Issy I wonder why you said you would love to sleep with your new friend? Perhaps you would say that it was the kindest way of saying no thanks, whereas another interpretation might be that you want to keep open the possibility, especially as another meeting is planned? When I mentioned downthread about secrecy, this also refers to the content of the interactions. Does your H know then, that this man wants to sleep with you and that you have told him you feel the same, but won't?
I agree profoundly with you about the very different nature of friendships and my sense of this thread is that amongst the sarcasm (and especially in MotherInferior's case, the wit that also made me laugh out loud) there is huge misunderstanding about the points some of us are making. Now some posters respond by heaping scorn, anger and sarcasm and others want a reasoned debate.
The fact is that infidelity does occur between friends. This doesn't make the friends bad people and it doesn't mean that people with safe boundaries are hysterical monogamists obsessing about their partner's thoughts, actions and friendships. It doesn't mean that people can only have friends of the same gender and it certainly doesn't mean that couples must go everywhere together in tandem.
It seems to me that these points are wilfully ignored by posters who would prefer a stereotype of a jealous obsessive who polices the friendships in her relationship; her own friendships and those of her partner.
This is about safe boundaries, of the kind that you observe in your first example, Issy and most closely represent the friendships I have with my own male friends.

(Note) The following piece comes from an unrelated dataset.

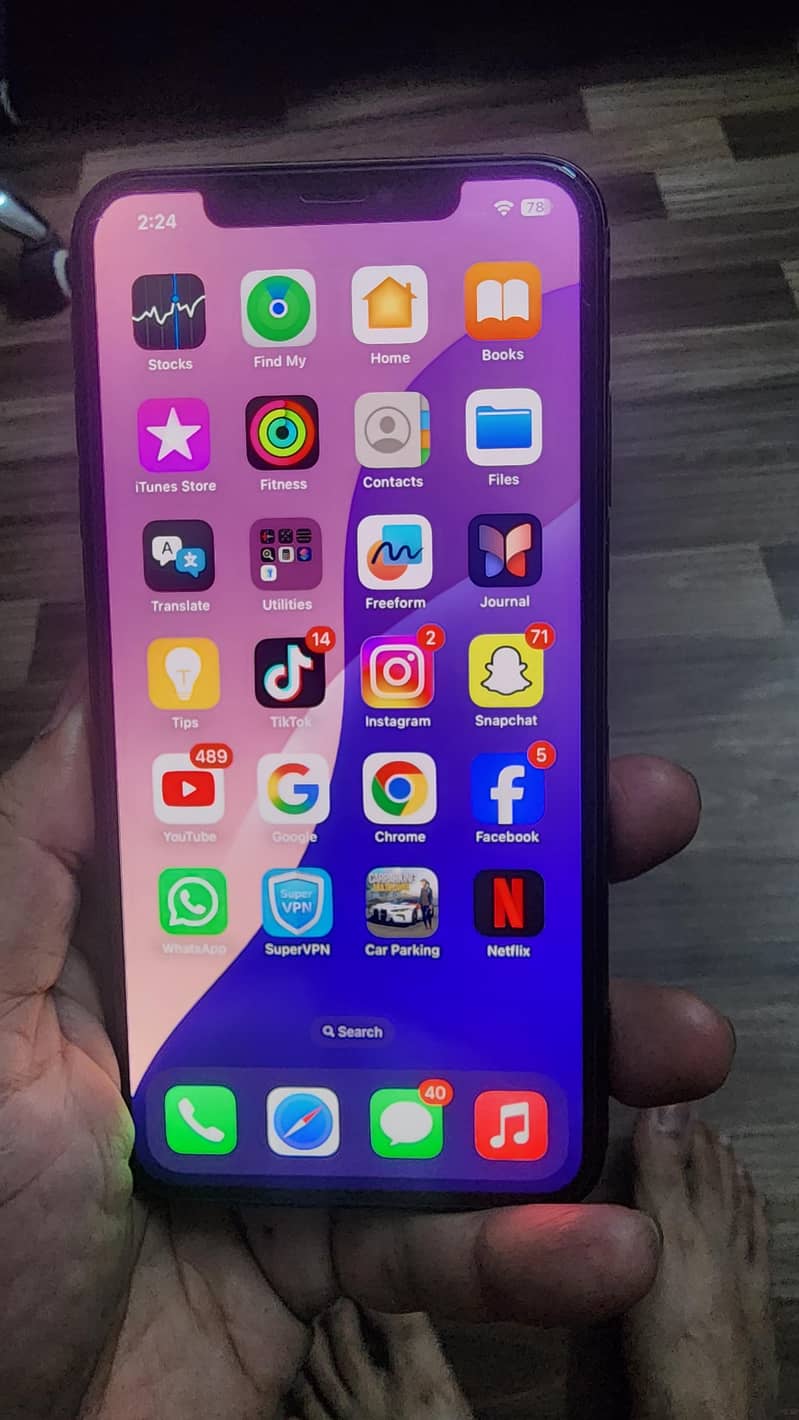 Apple iPhone XS Max 3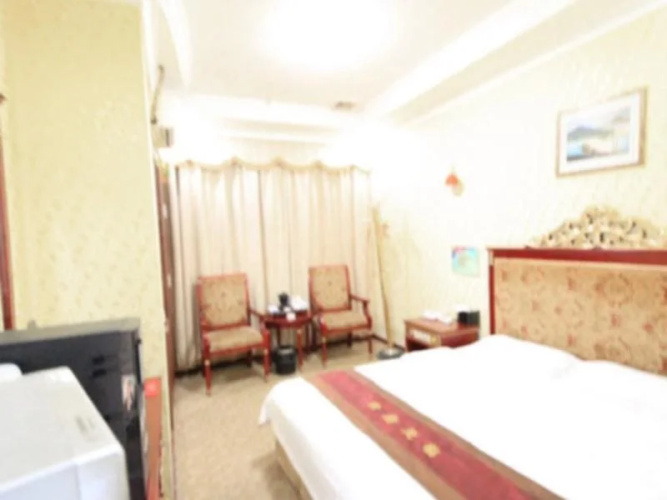 Jilv Hotel (Huashi)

Years ago, I can also remember friendships that more closely resemble your second example and saying much the same as you - and would be disingenuous if I said that this was about being kind to the interested friend - rather, it represented an ego boost and a delicious buzz. This was however at someone's expense - my H's and the friend's partner, both of whom would have been less than delighted that their spouses had admitted strong sexual desire.
Pretending that friendships are always non-threatening to fidelity seems wholly disingenuous and ignores the facts and the truth. They don't have to be threatening, but in a way, the person who refuses to acknowledge the possibility is the very person most vulnerable to hurting their partner, even if they never had any intention of crossing that line when the friendship started.